Jazz Louis Sclavis est un bûcheur. Qu’on ne se méprenne pas, c’est une qualité (et ça ne sous-estime pas le talent, la vie n’est pas si simple !). Tout ce qu’il possède aujourd’hui, il l’a conquis patiemment à force d’ambition, de travail, de volonté, d’une réelle abnégation. C’est son parcours. Il s’en réclame. Et finalement toute la force de sa musique vient de cette lutte obstinée, de ce corps à corps incessant avec la matière, les éléments rarement favorables elle y a gagné en muscle, en caractère, en persévérance.
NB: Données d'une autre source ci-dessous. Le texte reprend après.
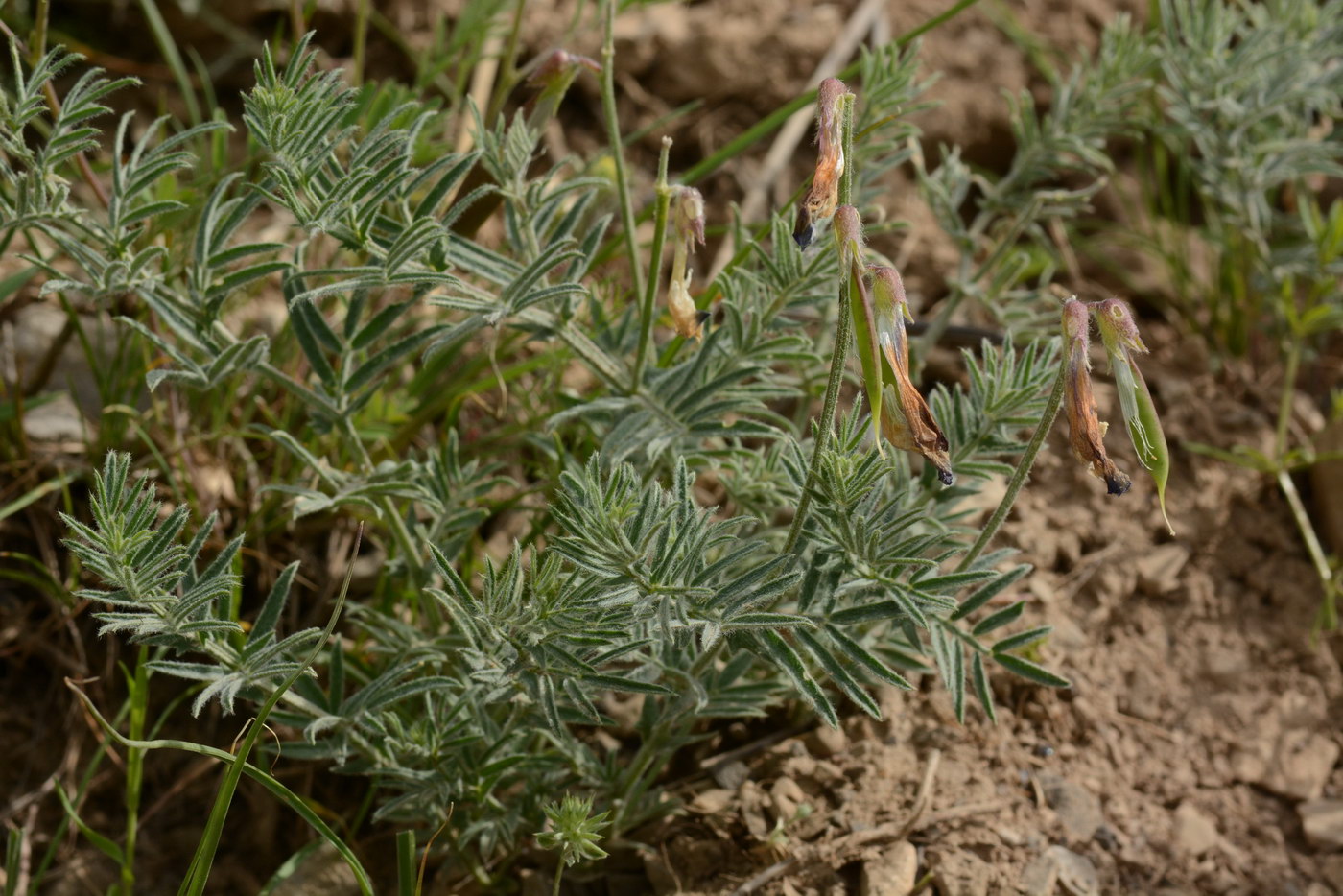 Image of Vicia subvillosa specimen.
Pourtant au fil du temps, succès aidant, Sclavis s’est vu, un peu malgré lui, beaucoup par complaisance, attribuer la place laissée en partie vacante fin des années 80 de représentant le plus acceptable par l’establishment d’une certaine modernité tempérée, repérable et fédératrice, une sorte d’alibi moderniste pour les festivals, d' »avant-garde » institutionnelle…
Et il s’est laissé prendre au jeu de dupe, s’est aveuglé au miroir qu’on lui tendait (« Dis-moi que je suis le plus beau… » comment résister quand c’est précisément ce à quoi on aspire ?) : sa musique a perdu en engagement (Sclavis est fondamentalement un musicien physique, sensuel, instinctif…) ce qu’elle gagnait en sophistication, un maniérisme pesant à force de vouloir paraître léger et « détaché » s’est substitué à l’épaisseur et à la spontanéité du geste. Sa musique s’est désincarnée une sorte de palais des glaces, sans rien à refléter. Même lorsqu’il revenait à des formules orchestrales plus simples, à des conceptions musicales plus directes, Sclavis semblait comme loin de lui-même, égaré dans l’infini de ses reflets… Et puis surprise, ce disque, comme pour nous rappeler précisément sa présence. Sur un mode mineur, ces piécettes de circonstances composées à l’occasion de collaborations diverses avec des chorégraphes, des hommes d’images ou de théâtre, imposent insidieusement une image paradoxale, à la fois fragmentaire, éparpillée et extrêmement cohérente, comme si cette musique « à programme », contrainte (par l’image, la scénographie, la chorégraphie), révélait soudain dans l’humilité même de son projet, dans la simplicité de sa facture, dans sa « fonctionnalité », une intimité jusqu’alors contenue. Il y a là quelque chose d’artisanal et de fondamentalement spontané, une fraîcheur jusque dans le cliché ou la facilité, une évidence mélodique, une poésie populiste (l’accordéon, la danse, la ritournelle…) clairement assumée et au bout du compte une douce et profonde mélancolie, comme une couleur sépia omniprésente qui finit d’orienter l’ensemble du côté de la mémoire (personnelle et collective) et de la nostalgie.